The first is to show the value of observables as a function of time. This can help us see if anything suspicious has happened; if proposals have been repeatedly rejected, or observables don’t fluctuate, there may be very long autocorrelations we need to ameliorate in our analysis.

class tdg.plot.History(rows=1, histogram=5, row_height=3, width=12, **kwargs)

Bases: object

Markov Chains provide a natural time along which measurements vary. Both the history and the total histogram are informative.

Parameters

• rows (int) – Number of rows; they share a common time coordinate.

• histogram (int) – The width of the histogram is one part in histogram of the full width.

• row_height (float [inches]) – The height of each row.

• width (float [inches]) – The width of the figure.

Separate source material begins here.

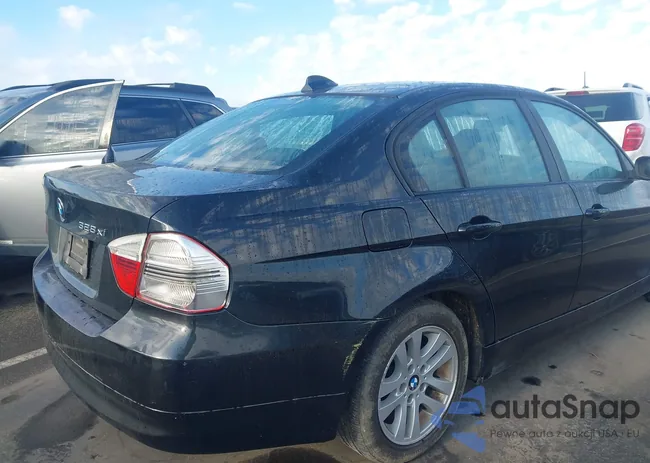 WBAVC93557K032463: 44548283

• kwargs – Forwarded to matplotlib.pyplot.subplots

plot(data, row=0, x=None, frequency=1, color=None, **kwargs)

Parameters

• data – A one-dimensional set of data to visualize.

• row – Which row to plot in.

• x – If not None, used as the time parameter.

• frequency (int) – Plotting every sample can prove visually overwhelming. To reduce the number of points in the temporal history, only plot once per frequency.

• color – Forwarded matplotlib color.

For example, if we have uniformly- and normally-distributed observables, we can visualize them on the same trace, or separately.

#!/usr/bin/env python

import numpy as np
import matplotlib.pyplot as plt
import tdg.plot as visualize 

uniform = np.random.rand(1000)-0.5
gauss   = np.random.normal(0, 0.25, 1000)

h1 = visualize.History(1)
h1.plot(uniform, label='uniform')
h1.plot(gauss,   label='gauss')
h1.histogram[0].legend()

h2 = visualize.History(2)
h2.plot(uniform, row=0, label='uniform', color='blue')
h2.plot(gauss,   row=1, label='gauss', color='green')
h2.histogram[0].legend()
h2.histogram[1].legend()

plt.show()

(Source code)

(png, hires.png, pdf)

(png, hires.png, pdf)

Markov Chain data must often be further analyzed, and correlations in the data can affect uncertainty estimates for post-processed observables. One way to visualize the correlation between different observables is to show scatter plots of different observables.

class tdg.plot.ScatterMatrix(fields=2, labels=None, wspace=0.05, hspace=0.05, **kwargs)

Bases: object

Different observables are correlated as a function of Markov Chain time, because they are measured on the same state. We can visualize the correlations between many different observables in a grid, each panel a two-dimensional projection of the many-dimensional space of observable values.

Parameters

• fields (int) – Number of rows and columns.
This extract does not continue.